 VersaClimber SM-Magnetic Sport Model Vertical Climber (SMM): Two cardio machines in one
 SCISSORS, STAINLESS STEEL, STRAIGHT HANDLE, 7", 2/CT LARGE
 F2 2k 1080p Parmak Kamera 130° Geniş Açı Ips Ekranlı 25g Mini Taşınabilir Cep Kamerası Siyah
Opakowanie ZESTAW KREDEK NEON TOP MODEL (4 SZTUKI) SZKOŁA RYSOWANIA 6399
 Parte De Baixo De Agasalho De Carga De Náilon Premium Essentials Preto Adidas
==
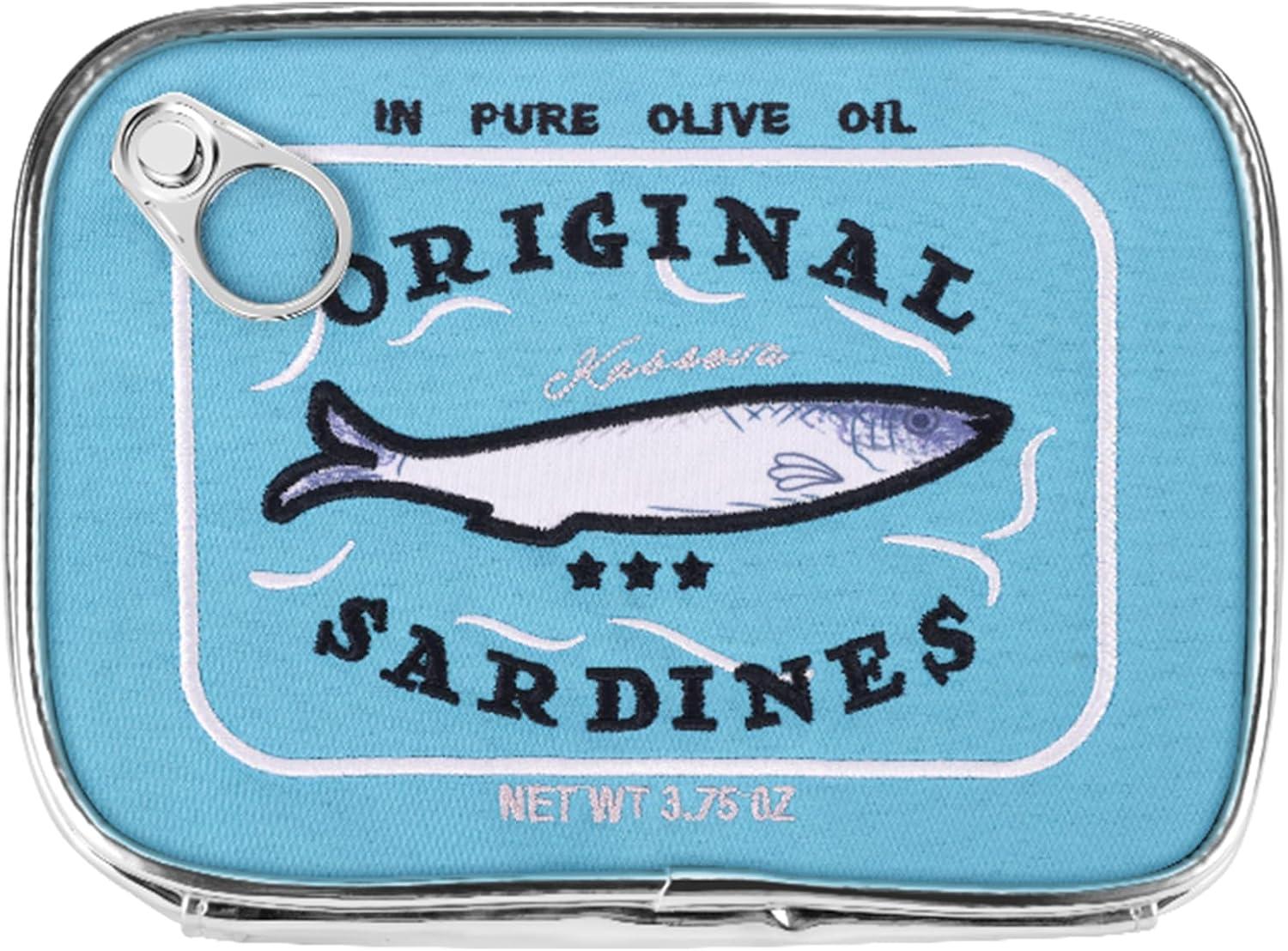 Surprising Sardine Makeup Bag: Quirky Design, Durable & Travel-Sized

* Work task: Give back, word for word, only the lines above from the line holding "VersaClimber SM-Magnetic Sport" to the line holding "F2 2k 1080p", both included.

* Response for this exercise:
 VersaClimber SM-Magnetic Sport Model Vertical Climber (SMM): Two cardio machines in one
 SCISSORS, STAINLESS STEEL, STRAIGHT HANDLE, 7", 2/CT LARGE
 F2 2k 1080p Parmak Kamera 130° Geniş Açı Ips Ekranlı 25g Mini Taşınabilir Cep Kamerası Siyah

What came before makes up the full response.